Chiamami con il tuo nome
di Luca Guadagnino
con Timothée Chalamet, Armie Hammer, Michael Stuhlbarg,
Italia, Francia, Brasile, Stati Uniti d’America, 2018
genere, drammatico, sentimentale
durata, 132’
L’educazione sentimentale di Elio, efebico liceale ancora acerbo di sentimenti troppo forti, dura sei settimane. Tempo e luogo sono definiti nel loro essere atemporali e aspaziali – da qualche parte nel nord Italia (ndr.: la campagna cremasca), durante un 1983 scipito che affiora con nonchalance da un abbigliamento tiepidamente vintage. Come d’abitudine Elio (Timothée Chalamet) si reca assieme ai genitori (Michael Stuhlbarg e Amira Casar), due colti ebrei sefarditi, in quell’oasi di cultura dove passa le giornate nell’otium decadente della letteratura e della musica, fra bagni in piscine assolate e panismi creativi. Come ogni anno il padre, insigne professore, ospita un giovane dottorando per aiutarlo nelle sue ricerche. Astuto stratagemma, quello dell’estraneo che piomba all’improvviso in un contesto cristallizzato da una liturgia immobile, specie se l’estraneo in questione ha le sembianze di Armie Hammer, ora nei panni di uno scultoreo studente di filologia classica. Bell’espediente, soprattutto perché il nuovo venuto non acuisce tensioni già esistenti o disequilibri intestini, ma contribuisce a mettere il protagonista spalle al muro con sensibilità che non pensava gli appartenessero.

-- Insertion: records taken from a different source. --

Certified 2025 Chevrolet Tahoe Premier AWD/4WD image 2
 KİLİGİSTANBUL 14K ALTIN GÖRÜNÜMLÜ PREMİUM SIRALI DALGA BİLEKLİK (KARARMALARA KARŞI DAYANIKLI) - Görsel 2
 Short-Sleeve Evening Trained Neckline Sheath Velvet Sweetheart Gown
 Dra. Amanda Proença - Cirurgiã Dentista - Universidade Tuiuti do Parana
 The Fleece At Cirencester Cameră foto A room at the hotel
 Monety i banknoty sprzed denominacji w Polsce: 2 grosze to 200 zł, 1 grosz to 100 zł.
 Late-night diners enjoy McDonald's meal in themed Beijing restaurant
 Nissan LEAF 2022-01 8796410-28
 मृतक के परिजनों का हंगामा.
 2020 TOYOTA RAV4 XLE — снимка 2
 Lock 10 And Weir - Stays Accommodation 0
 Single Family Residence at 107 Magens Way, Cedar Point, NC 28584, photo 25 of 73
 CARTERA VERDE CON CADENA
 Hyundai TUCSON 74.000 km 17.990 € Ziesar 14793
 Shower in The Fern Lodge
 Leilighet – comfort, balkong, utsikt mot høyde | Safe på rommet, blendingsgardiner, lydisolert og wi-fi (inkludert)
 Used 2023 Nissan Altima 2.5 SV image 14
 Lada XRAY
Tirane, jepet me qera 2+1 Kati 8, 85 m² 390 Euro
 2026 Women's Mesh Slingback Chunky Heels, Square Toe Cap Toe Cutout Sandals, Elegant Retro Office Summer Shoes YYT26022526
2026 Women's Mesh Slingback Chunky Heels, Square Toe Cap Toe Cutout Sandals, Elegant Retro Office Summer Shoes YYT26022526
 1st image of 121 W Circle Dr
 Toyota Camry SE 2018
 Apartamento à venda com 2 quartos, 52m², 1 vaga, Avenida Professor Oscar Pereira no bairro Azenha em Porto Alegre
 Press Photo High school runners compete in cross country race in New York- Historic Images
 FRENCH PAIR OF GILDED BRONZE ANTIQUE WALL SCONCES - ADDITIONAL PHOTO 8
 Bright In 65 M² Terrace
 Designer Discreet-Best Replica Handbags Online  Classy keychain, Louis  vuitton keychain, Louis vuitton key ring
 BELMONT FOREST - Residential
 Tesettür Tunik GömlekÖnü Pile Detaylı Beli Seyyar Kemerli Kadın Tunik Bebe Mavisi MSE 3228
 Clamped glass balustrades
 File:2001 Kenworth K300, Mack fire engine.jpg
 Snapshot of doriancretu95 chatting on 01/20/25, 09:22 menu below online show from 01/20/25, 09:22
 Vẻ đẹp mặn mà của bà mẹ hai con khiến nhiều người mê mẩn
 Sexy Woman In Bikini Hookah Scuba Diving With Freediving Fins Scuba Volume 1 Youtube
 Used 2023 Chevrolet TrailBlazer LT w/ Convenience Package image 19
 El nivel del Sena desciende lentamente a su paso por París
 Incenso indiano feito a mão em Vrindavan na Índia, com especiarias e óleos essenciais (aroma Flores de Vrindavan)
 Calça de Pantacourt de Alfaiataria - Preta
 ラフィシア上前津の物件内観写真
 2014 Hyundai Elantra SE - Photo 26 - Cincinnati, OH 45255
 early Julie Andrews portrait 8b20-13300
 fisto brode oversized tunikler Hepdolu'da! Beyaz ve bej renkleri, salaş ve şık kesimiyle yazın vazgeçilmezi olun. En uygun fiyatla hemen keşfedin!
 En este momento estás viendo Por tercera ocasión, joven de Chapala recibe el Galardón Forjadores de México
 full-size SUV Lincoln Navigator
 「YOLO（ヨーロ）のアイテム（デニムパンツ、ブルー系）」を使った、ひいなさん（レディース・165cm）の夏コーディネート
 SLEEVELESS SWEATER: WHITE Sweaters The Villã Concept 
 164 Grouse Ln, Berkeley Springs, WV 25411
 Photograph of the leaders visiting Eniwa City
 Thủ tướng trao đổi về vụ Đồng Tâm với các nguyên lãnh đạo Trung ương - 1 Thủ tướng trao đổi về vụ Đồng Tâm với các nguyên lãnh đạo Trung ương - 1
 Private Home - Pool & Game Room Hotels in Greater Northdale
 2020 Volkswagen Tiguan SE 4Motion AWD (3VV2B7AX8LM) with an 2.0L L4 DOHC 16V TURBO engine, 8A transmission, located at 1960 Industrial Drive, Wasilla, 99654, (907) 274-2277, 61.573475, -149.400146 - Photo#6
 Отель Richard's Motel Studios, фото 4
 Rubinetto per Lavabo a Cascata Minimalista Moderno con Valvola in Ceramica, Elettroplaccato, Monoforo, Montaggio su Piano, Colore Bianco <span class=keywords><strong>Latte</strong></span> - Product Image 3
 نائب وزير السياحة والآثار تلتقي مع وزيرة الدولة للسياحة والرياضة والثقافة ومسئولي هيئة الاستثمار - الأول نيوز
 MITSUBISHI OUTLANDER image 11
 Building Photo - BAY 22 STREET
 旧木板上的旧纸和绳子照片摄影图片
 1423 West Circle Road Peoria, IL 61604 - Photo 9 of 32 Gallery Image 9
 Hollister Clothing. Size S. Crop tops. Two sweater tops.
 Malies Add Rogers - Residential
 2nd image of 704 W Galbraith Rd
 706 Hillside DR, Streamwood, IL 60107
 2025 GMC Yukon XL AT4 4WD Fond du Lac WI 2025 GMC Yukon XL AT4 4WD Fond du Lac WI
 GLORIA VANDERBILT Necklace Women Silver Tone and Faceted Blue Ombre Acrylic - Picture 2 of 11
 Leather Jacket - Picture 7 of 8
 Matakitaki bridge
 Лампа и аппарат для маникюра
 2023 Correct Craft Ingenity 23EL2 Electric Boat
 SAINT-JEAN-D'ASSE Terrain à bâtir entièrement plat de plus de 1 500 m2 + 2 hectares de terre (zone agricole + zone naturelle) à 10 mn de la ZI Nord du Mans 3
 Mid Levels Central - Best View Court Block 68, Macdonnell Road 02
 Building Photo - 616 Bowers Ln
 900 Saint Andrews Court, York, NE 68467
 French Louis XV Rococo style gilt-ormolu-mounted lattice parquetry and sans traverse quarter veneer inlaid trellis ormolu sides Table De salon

La pulsione che si innesca tra i due, tanto turgida e languida da mal sopportare l’etichetta di “omosessuale”, è scenograficamente valorizzata dalla presenza fisica dei suoi attori, gracile e apollineo l’uno, un fascio di muscoli di fidiana memoria l’altro. Non a caso i riferimenti alla classicità si rincorrono senza sosta, dalle querelle etimologiche fra Oliver e il Professore, alle immagini di statue classiche che aprono i titoli di testa. Dopo Io Sono L’Amore e A Bigger Splash, il regista completa il suo trittico del desiderio, rendendo onore alla sceneggiatura non originale che il Premio Oscar James Ivory trasse dal romanzo autobiografico del 2006 di André Aciman, e non senza difficoltà lasciò alla paternità del solo Guadagnino. Ottima la scelta di eliminare la narrazione via flashback in favore di un narratore emotivo musicale (candidato all’Oscar Sufjan Stevens con The Mystery of Love), che riesce ad arricchire il pansessualismo multisensoriale che fa da cornice al viaggio sentimentale del giovane protagonista. Se i tempi lunghi e le atmosfere ovattate ci rimandano a Io Ballo da Sola di Bertolucci, l’idea della parentesi di evasione in uno scenario che fisicamente e temporalmente si fa altro (a poco valgono i continui rimandi a Craxi e alla resistenza) ci porta alla memoria il Racconto d’Estate di Romher. Dopo La Vita è Bella (Benigni - 1997 ) e L’Ultimo imperatore (Bertolucci, 1987), Call me by your name entra nella triade delle presenza italiane record agli Oscar, reduce da un tour de force di consensi internazionali pressoché unanimi (Festival di Berlino,Sundance Film Festival, Golden Globe), che si spera possano emancipare la critica italiana dal binomio Guadagnino-Melissa P.